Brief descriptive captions
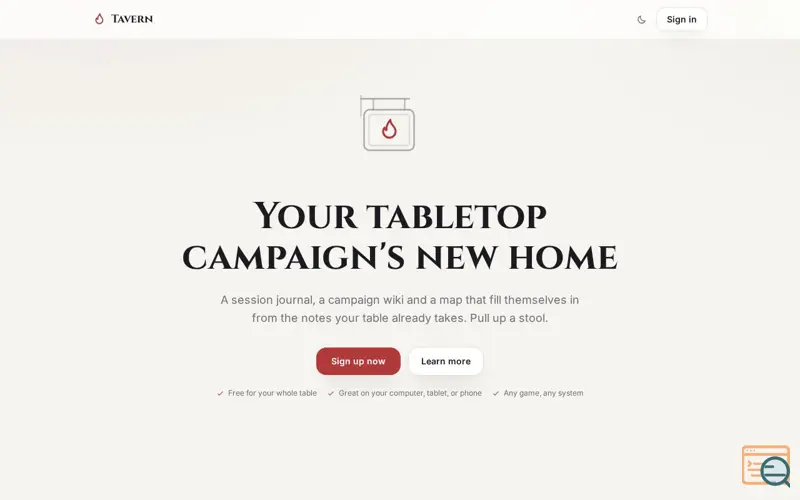 Screenshot of Tavern: your tabletop campaign's new home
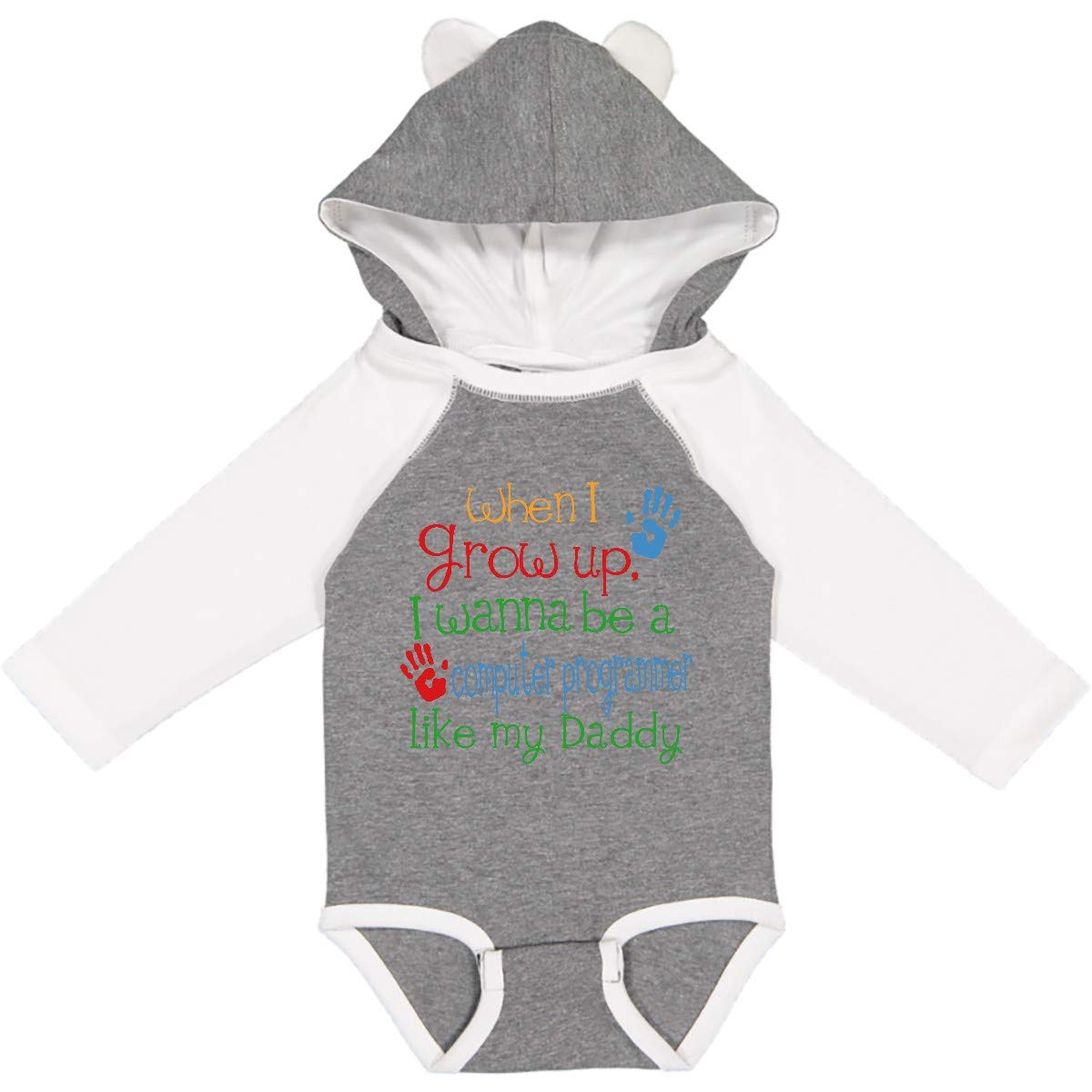 Inktastic Computer Programmer Like Daddy Long Sleeve Baby Bodysuit - Perfect for Coding Enthusiasts & Tech-Loving Parents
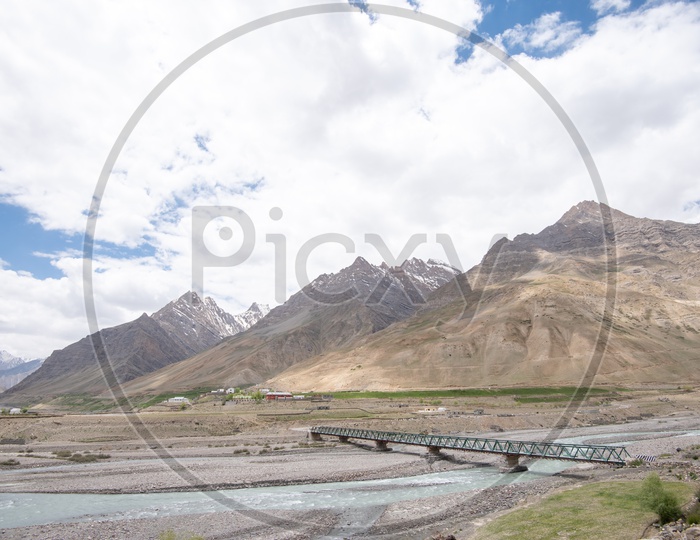 Snow Capped Mountains of Spiti Valley with water flow in the foreground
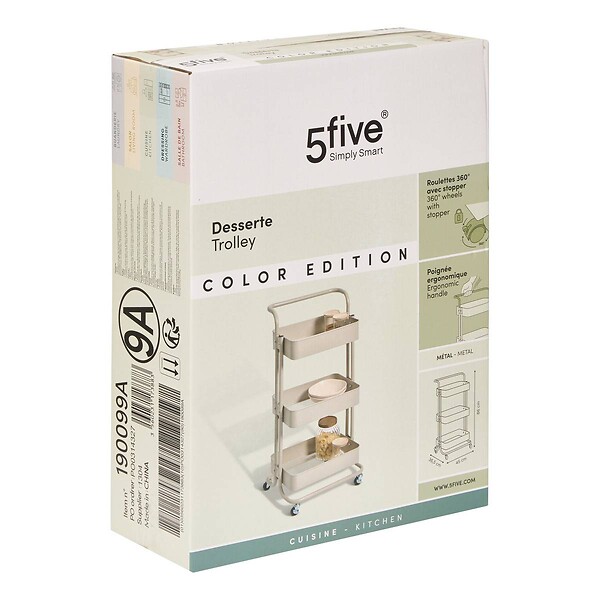 5 FIVE SIMPLY SMART - Desserte Color edition 3 niveaux 45x36,5x86cm beige - large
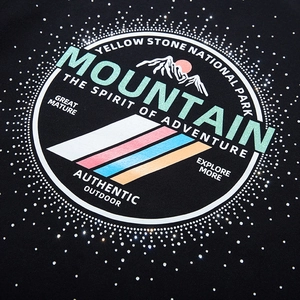 Men's oversized black sweatshirt featuring a Mountain Yellowstone National Park rhinestone print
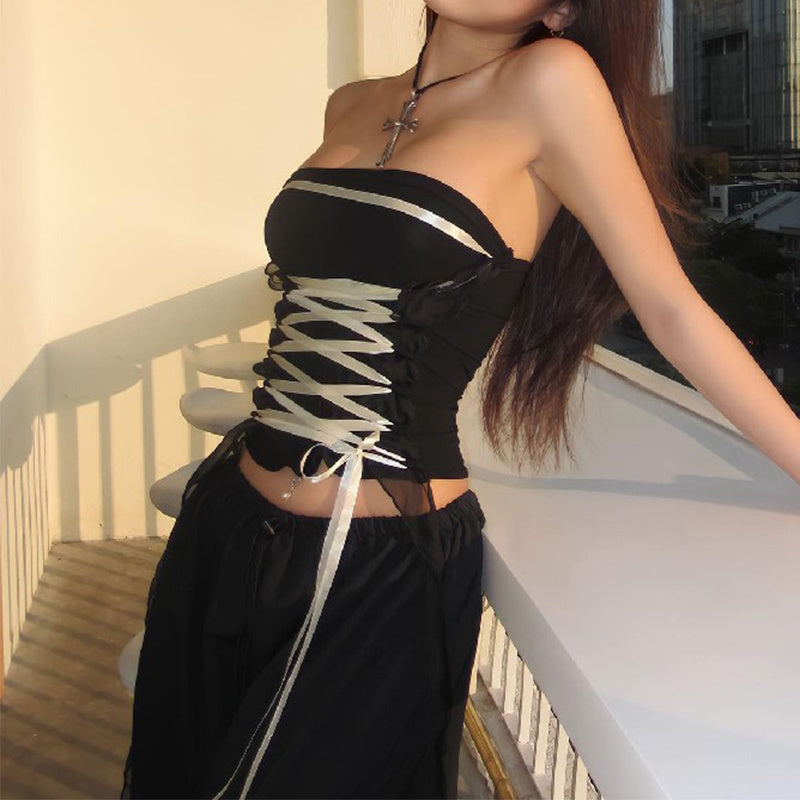 Fashion Lace-up Tube For Womens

▶ [WORK REQUEST]:
Restate exactly, please, only the lines between the start of the data and the line containing "5 FIVE SIMPLY", both ends included, skipping the pictures.

▶ [RESPONSE TO THIS EXERCISE]:
 Screenshot of Tavern: your tabletop campaign's new home
 Inktastic Computer Programmer Like Daddy Long Sleeve Baby Bodysuit - Perfect for Coding Enthusiasts & Tech-Loving Parents
 Snow Capped Mountains of Spiti Valley with water flow in the foreground
 5 FIVE SIMPLY SMART - Desserte Color edition 3 niveaux 45x36,5x86cm beige - large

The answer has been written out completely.